Germans have long harbored an obsession about protecting privacy, with memories of Nazi-era denouncements of neighbors and East German secret police snooping still alive. Now they have found a new target for their fears: Google "Street View."
Under strong government pressure, the Internet giant made Germany the only country where people can request to have images of their homes deleted from the project before it goes online in November, along with other concessions.
It has all stirred debate about how to define and defend privacy in the digital age and revealed a yawning generational divide between those old enough to recall invasive past regimes and those who have grown up with the Internet.

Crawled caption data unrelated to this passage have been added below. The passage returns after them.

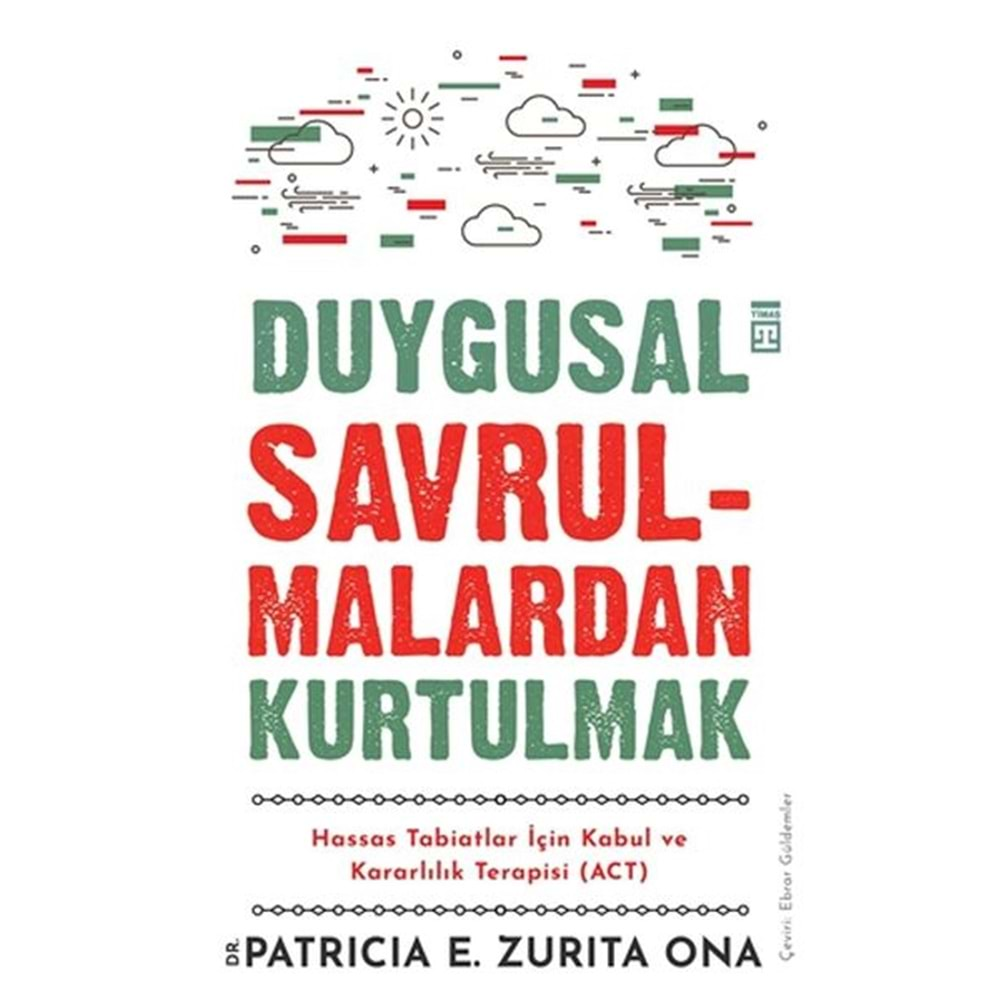 DUYGUSAL SAVRULMALARDAN KURTULMAK-PATRICIA E.ZURITA ONA-TİMAŞ YAYINLARI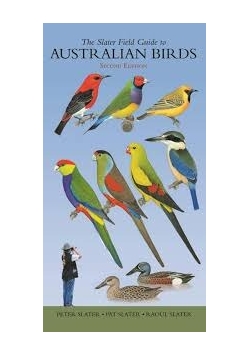The Slater Field Guide to Australian Birds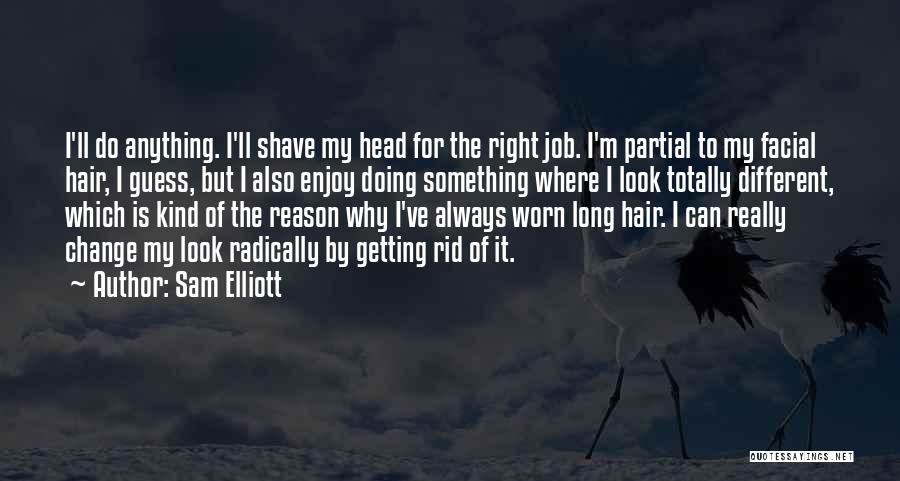 Sam Elliott Quotes: I'll Do Anything. I'll Shave My Head For The Right Job. I'm Partial To My Facial Hair, I Guess, But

"There is a fear of becoming a 'See-through Citizen' in a totalitarian surveillance state," said Jesko Kaltenbaek, a professor of psychology at Berlin's Freie University.
"Both under the Nazis and in the former East Germany, the exact knowledge of citizens' lives served as a decisive instrument of power for government leaders."
That concern lies at the heart of the current debate, where politicians have been criticizing Google for allegedly trampling the rights of citizens who are disturbed by the idea that "Street View" might help strangers locate them in their homes.
Germany's Consumer Protection Minister Ilse Aigner has repeated called for Google to reveal more about the information that it holds and how it is collected.
"I expect far-reaching information to be made public, about existing measures to opt out of the program, as well as future routes of camera cars," Aigner told Spiegel Online on Thursday.
Google has responded by making rare concessions in Germany.
"We take the concerns very seriously," said Google Inc.'s European chief, Philipp Schindler in an interview Friday with Germany's mass-circulation daily Bild.
He said the Mountain View, California, company has gone out of its way to accommodate fears, working closely together with data protection authorities since 2009 to try to convince Germans to trust "Street View."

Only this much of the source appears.